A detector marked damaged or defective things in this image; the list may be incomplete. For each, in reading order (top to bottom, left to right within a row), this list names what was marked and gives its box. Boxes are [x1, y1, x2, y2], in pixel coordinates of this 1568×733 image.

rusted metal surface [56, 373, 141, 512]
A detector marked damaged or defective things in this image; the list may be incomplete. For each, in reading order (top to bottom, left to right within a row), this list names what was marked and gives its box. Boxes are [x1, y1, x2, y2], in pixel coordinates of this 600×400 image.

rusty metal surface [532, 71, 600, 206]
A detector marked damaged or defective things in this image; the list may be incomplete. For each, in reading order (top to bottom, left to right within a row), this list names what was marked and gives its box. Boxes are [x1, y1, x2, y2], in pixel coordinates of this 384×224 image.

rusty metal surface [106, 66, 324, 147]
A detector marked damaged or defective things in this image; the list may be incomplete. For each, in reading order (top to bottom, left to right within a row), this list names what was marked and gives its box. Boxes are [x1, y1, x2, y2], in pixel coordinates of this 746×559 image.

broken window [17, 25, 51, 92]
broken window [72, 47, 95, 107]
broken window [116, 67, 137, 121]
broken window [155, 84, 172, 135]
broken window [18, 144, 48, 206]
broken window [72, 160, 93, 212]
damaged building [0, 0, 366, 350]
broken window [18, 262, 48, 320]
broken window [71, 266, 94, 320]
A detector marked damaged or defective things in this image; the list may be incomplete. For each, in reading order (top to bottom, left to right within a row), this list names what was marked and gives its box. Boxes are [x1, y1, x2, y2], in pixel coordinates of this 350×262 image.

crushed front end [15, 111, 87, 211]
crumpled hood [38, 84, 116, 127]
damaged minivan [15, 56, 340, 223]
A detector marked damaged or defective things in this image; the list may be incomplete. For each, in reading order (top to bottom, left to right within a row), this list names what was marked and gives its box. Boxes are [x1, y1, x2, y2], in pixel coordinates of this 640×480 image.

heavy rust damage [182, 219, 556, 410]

::::::

Problem details: Write the entries out again verbatim, every one of them.

Written answer:
A detector marked damaged or defective things in this image; the list may be incomplete. For each, in reading order (top to bottom, left to right within a row), this list names what was marked and gives its box. Boxes are [x1, y1, x2, y2], in pixel coordinates of this 1568×733 image.

rusted metal surface [56, 373, 141, 512]
A detector marked damaged or defective things in this image; the list may be incomplete. For each, in reading order (top to bottom, left to right within a row), this list names what was marked and gives its box. Boxes are [x1, y1, x2, y2], in pixel coordinates of this 600×400 image.

rusty metal surface [532, 71, 600, 206]
A detector marked damaged or defective things in this image; the list may be incomplete. For each, in reading order (top to bottom, left to right within a row), this list names what was marked and gives its box. Boxes are [x1, y1, x2, y2], in pixel coordinates of this 384×224 image.

rusty metal surface [106, 66, 324, 147]
A detector marked damaged or defective things in this image; the list may be incomplete. For each, in reading order (top to bottom, left to right within a row), this list names what was marked and gives its box. Boxes are [x1, y1, x2, y2], in pixel coordinates of this 746×559 image.

broken window [17, 25, 51, 92]
broken window [72, 47, 95, 107]
broken window [116, 67, 137, 121]
broken window [155, 84, 172, 135]
broken window [18, 144, 48, 206]
broken window [72, 160, 93, 212]
damaged building [0, 0, 366, 350]
broken window [18, 262, 48, 320]
broken window [71, 266, 94, 320]
A detector marked damaged or defective things in this image; the list may be incomplete. For each, in reading order (top to bottom, left to right within a row), this list names what was marked and gives its box. Boxes are [x1, y1, x2, y2], in pixel coordinates of this 350×262 image.

crushed front end [15, 111, 87, 211]
crumpled hood [38, 84, 116, 127]
damaged minivan [15, 56, 340, 223]
A detector marked damaged or defective things in this image; the list may be incomplete. For each, in reading order (top to bottom, left to right within a row), this list names what was marked and gives its box. Boxes are [x1, y1, x2, y2], in pixel coordinates of this 640×480 image.

heavy rust damage [182, 219, 556, 410]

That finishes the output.